===== GIVEN DATA =====

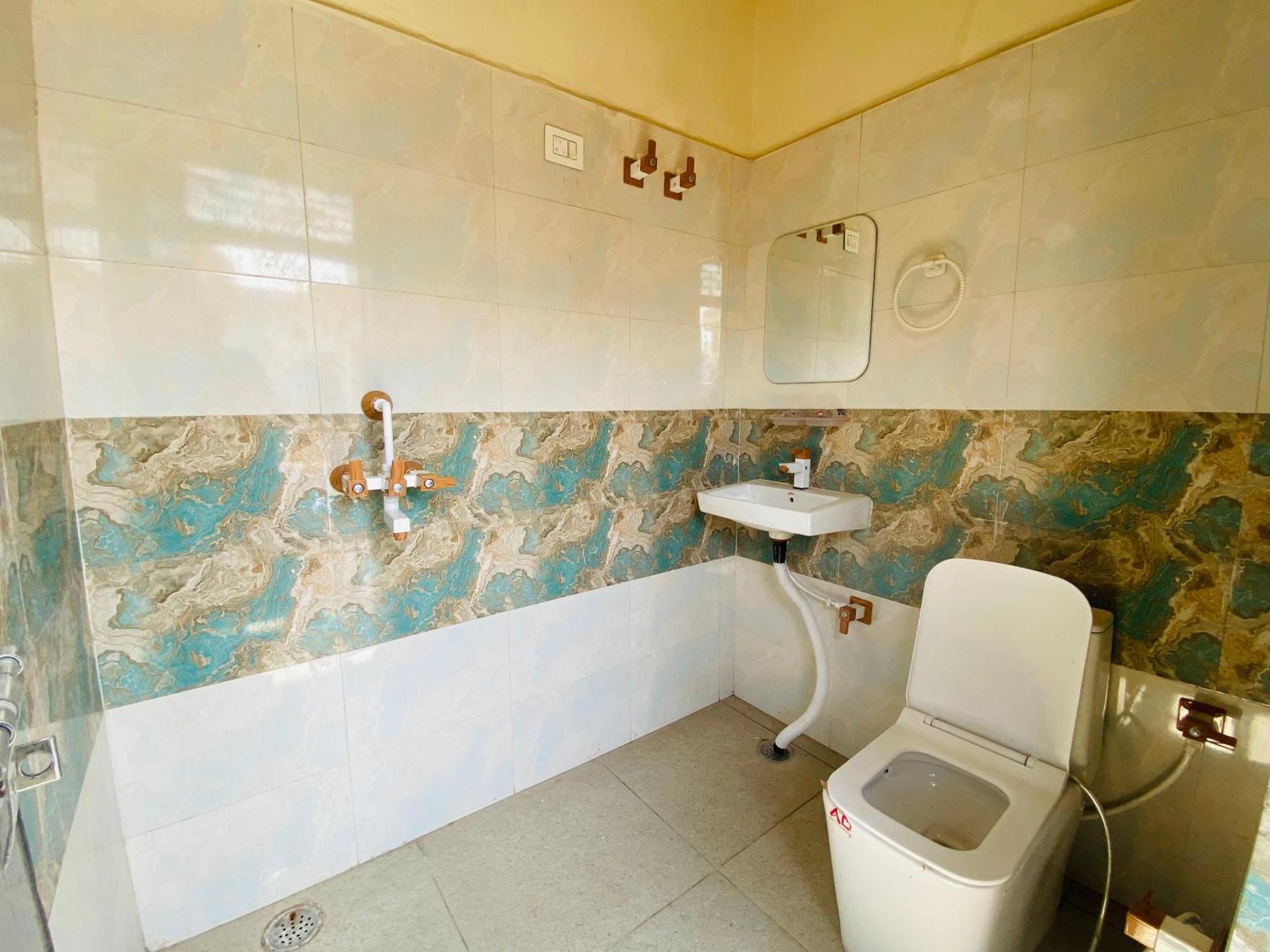 The Raman Palace- A Budget Hotel Mathura Εξωτερικό φωτογραφία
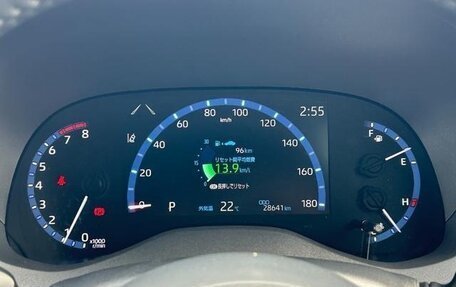 Toyota Yaris Cross, 2021 год, 1 248 000 рублей, 19 фотография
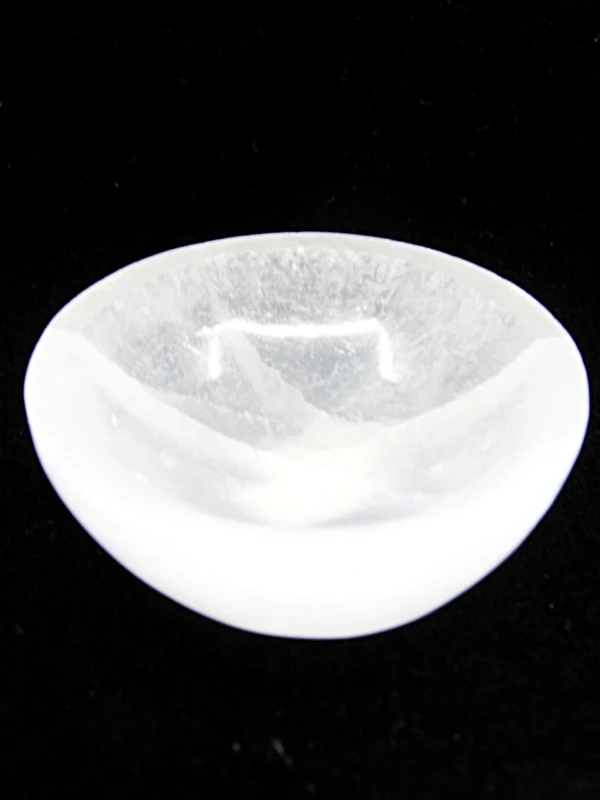 Taça em selenita é ideal para apoiar cristais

=====

TASK GOAL: Write out the data precisely as given, excluding the pictures.

EXERCISE RESULT:
 The Raman Palace- A Budget Hotel Mathura Εξωτερικό φωτογραφία
 Toyota Yaris Cross, 2021 год, 1 248 000 рублей, 19 фотография
 Taça em selenita é ideal para apoiar cristais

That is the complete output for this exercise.